Machine learning-coupled vertical graphene triboelectric pressure sensors array as artificial tactile receptor for finger action recognition

Wearable pressure sensors have been emerging for recording human biomechanical information during movement and action behavior. When combined with advanced signals processing and analysis methods, these sensors may offer the opportunities of recognizing patterns in specific human actions. In this study, we proposed a machine learning-coupled vertical graphene triboelectric pressure sensors array (ML-vGTEPS array), which could serve as artificial finger tactile receptors for sensing pressure patterns generated by specific finger actions. By utilizing the vertical graphene (vG) with excellent electrical properties and unique nanostructure as the key friction layer, the triboelectric sensor exhibited high sensitivity and broad sensing range. Ten sets of triboelectric sensors are integrated and designed as wearable devices on fingers, which could transmit multi-channel tactile signals under different finger actions with minimal crosstalk.

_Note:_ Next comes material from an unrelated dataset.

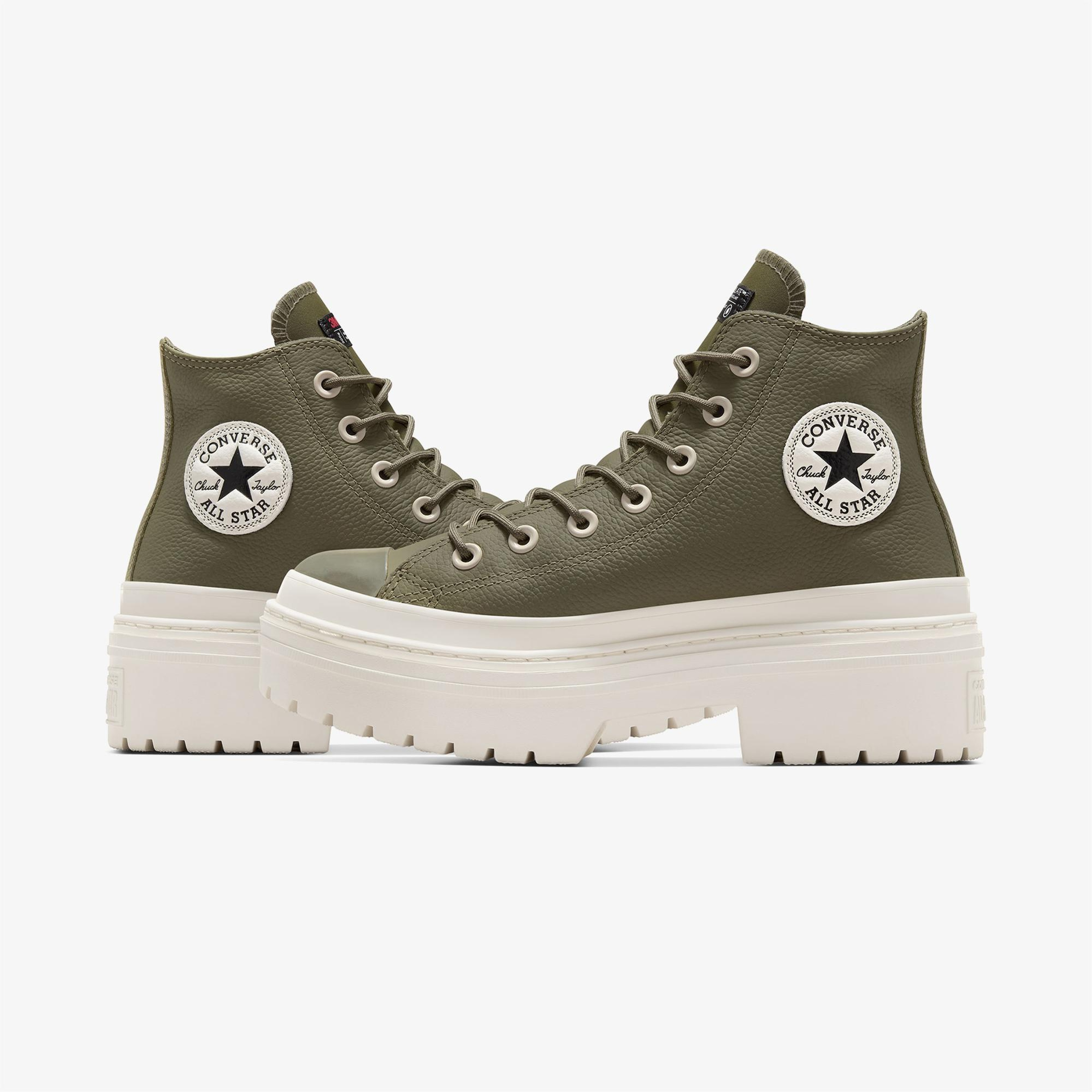 Converse Chuck Taylor All Star Lugged Heel Unisex Yeşil Deri Platform Bot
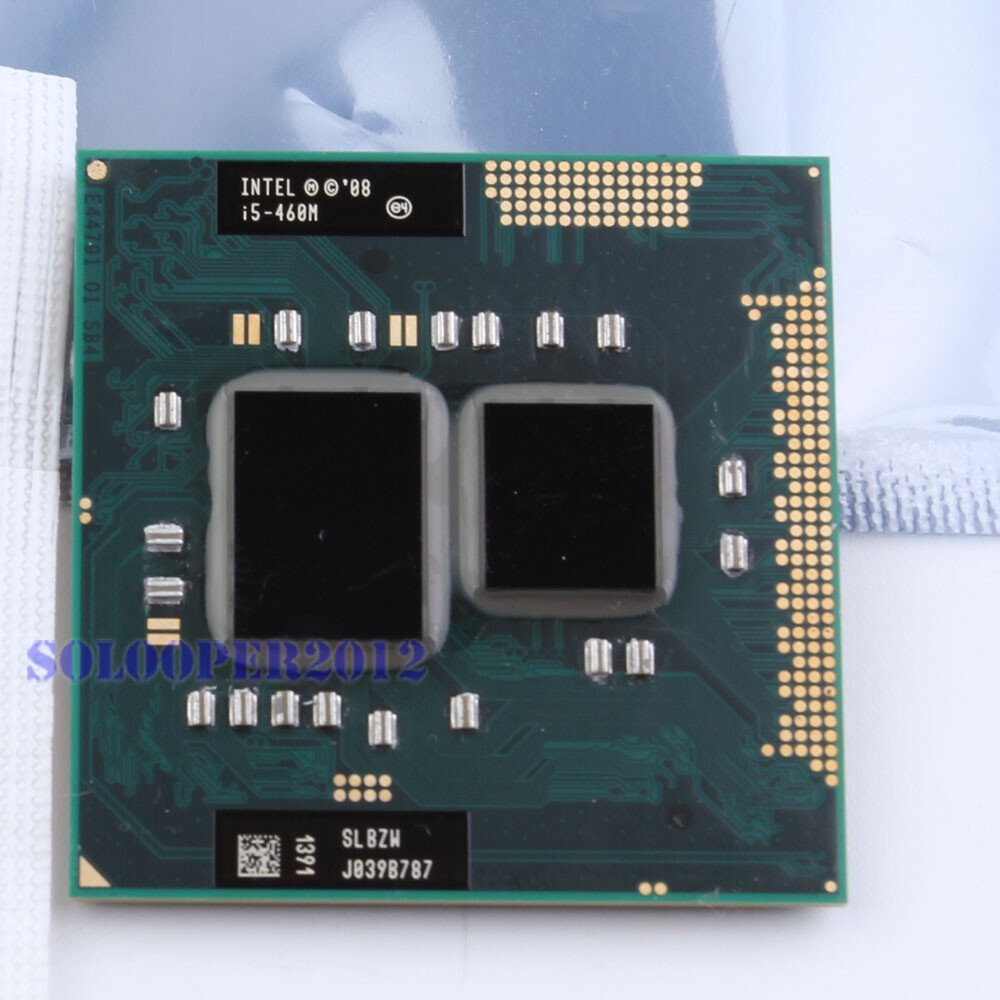 For Intel Core i5-460M CPU 2.53 GHz Socket G1（SLBZW）Processor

Taking the tracking technical actions of playing table tennis as an example, 16 types of finger tactile signals generated during specific table tennis technical actions were obtained using a self-designed acquisition hardware. Action recognition with high accuracy (98.1%) was achieved by a fully connected neural network (FCNN) deep learning model, serving as validation for the ML-vGTEPS Array in action monitoring and recognition. The exemplary recognition results demonstrated the potential of the ML-vGTEPS Array as a high-performance technique for human-machine interface, intelligent athletic training, telemedicine, and applications in virtual reality/augmented reality.